### SUPPLIED INFORMATION
════════

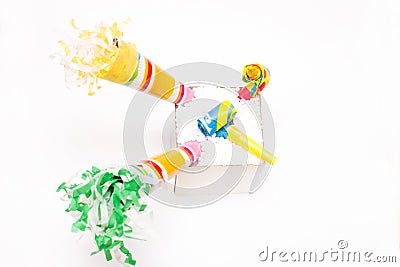 Party objects Stock Photo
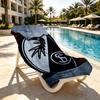 SC Freiburg Print Beach Towel Design, Soft, Lightweight. for Home Bathroom, Spa, Pool, Yoga, Surfing, Camping, Gift for Family, Friend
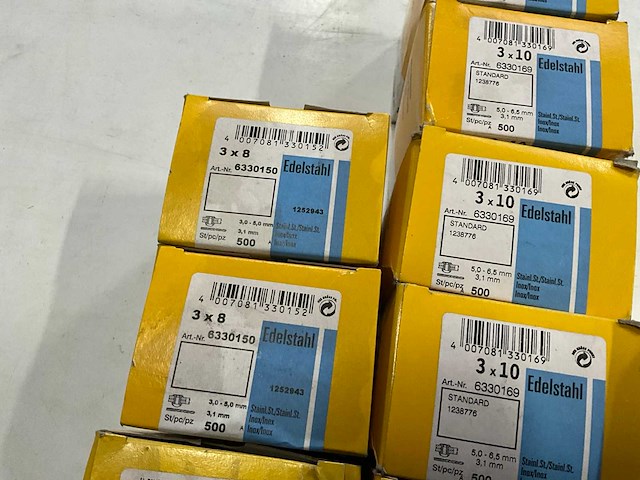 Gesipa diverse maten blindklinknagels (14x) - afbeelding 3 van  8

════════

### ACTIVITY
The job is to return the listing above exactly, minus its pictures.

### WRITTEN ANSWER
 Party objects Stock Photo
 SC Freiburg Print Beach Towel Design, Soft, Lightweight. for Home Bathroom, Spa, Pool, Yoga, Surfing, Camping, Gift for Family, Friend
 Gesipa diverse maten blindklinknagels (14x) - afbeelding 3 van  8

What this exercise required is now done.